Updated

And now the most engaging two minutes in television, the latest footnotes for the war on terrorism. 

A man identified as a Saudi financier who went to Afghanistan to fight alongside Usama bin Laden claims bin Laded fled the country 10 days ago into Pakistan, and he has since sent one of his sons back into Tora Bora to lead the remaining Al Qaeda fighters. 

Abu Jaffar was interviewed by the Christian Science Monitor in an Afghan village still sympathetic to bin Laden.  He said those remaining in the Tora Bora cave complex have had their supplies cut off, and that about   120 Al Qaeda fighters have been killed in those bombing raids on the caves.

But he said that bin Laden had gotten out of the country into Pakistan, with the help of some friendly Pashtun tribesmen.  As Bret Baier noted earlier, U.S. officials have said they have no evidence that bin Laden has actually escaped.

John Walker Lindh, the American Taliban being held by U.S. forces at Camp Rhino there in southern Afghanistan, has told U.S. interrogators that Al Qaeda plans a biological attack on the U.S. in a matter of days, and that it intends a final third attack, intended to destroy the entire country.  U.S. officials are said, however, to be highly skeptical of what Walker is saying, thinking it likely to be mere Taliban gossip, or as one official put it, "tales around the campfire."
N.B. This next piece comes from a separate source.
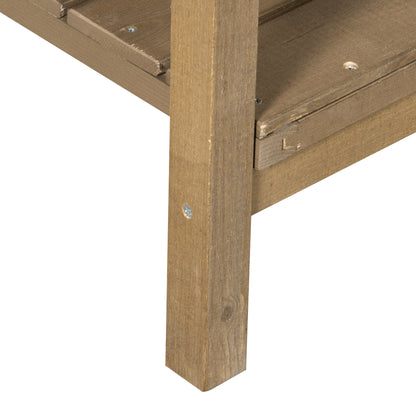 Outsunny Wooden Herb Planter Raised Bed Container Garden Plant Stand Bed 8 Boxes 110L x 46W x 76Hcm Brown 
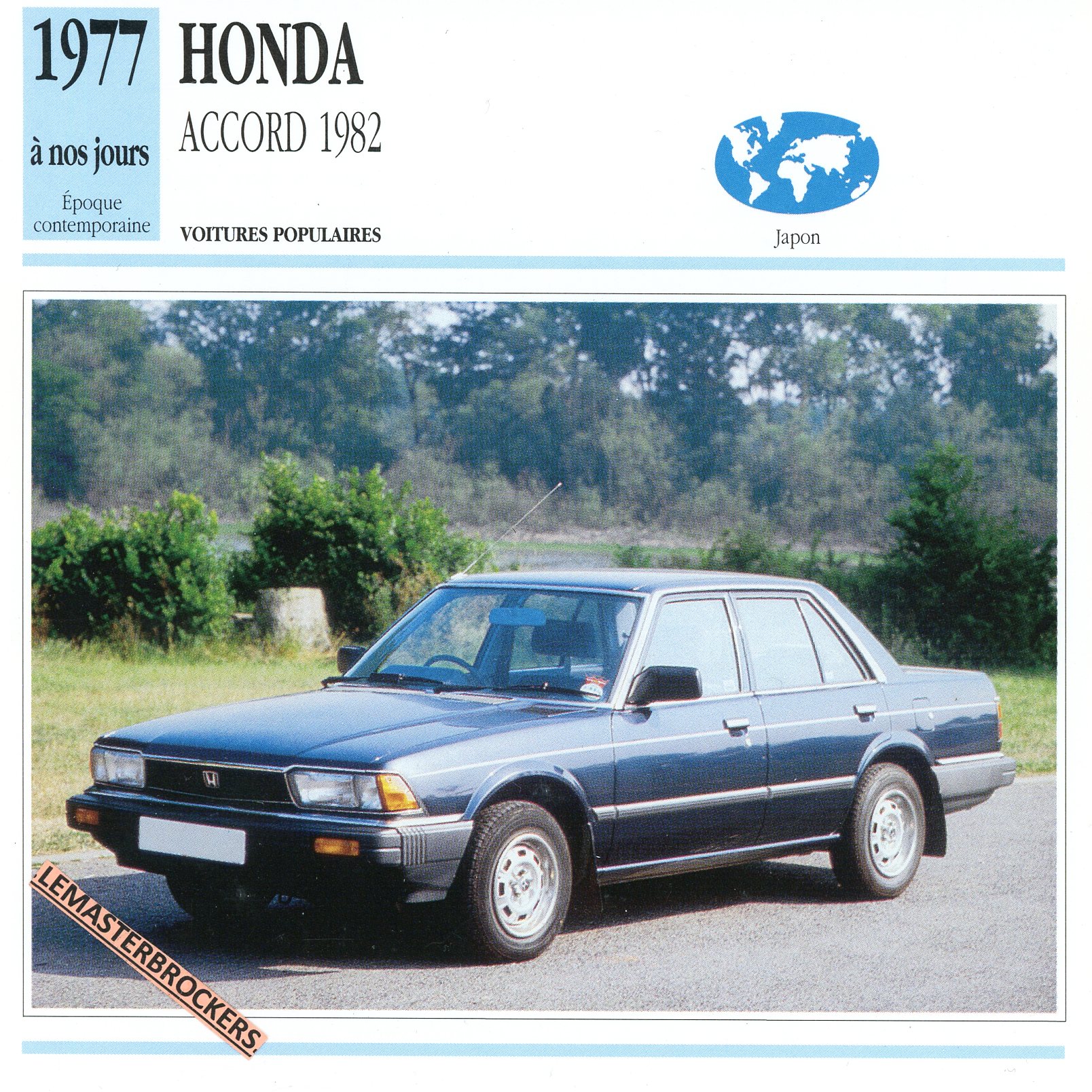 HONDA ACCORD 1982 - FICHE AUTO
A group called the Asian American Legal Defense and Education Fund got a $30,000 grant from the Sept. 11 fund.  The group said it needed the money to combat "hate violence" and "workplace discrimination."  Some wondered at the time what that had to do with helping the victims of the Sept. 11 attacks.  Now, according to C.N.S., the Cybercast News Service, the group has joined in a lawsuit against the Justice Department to force it to reveal the identities of suspects detained in the department's anti-terror crackdown.  C.N.S. says the group did not return phone calls for comment on the suit.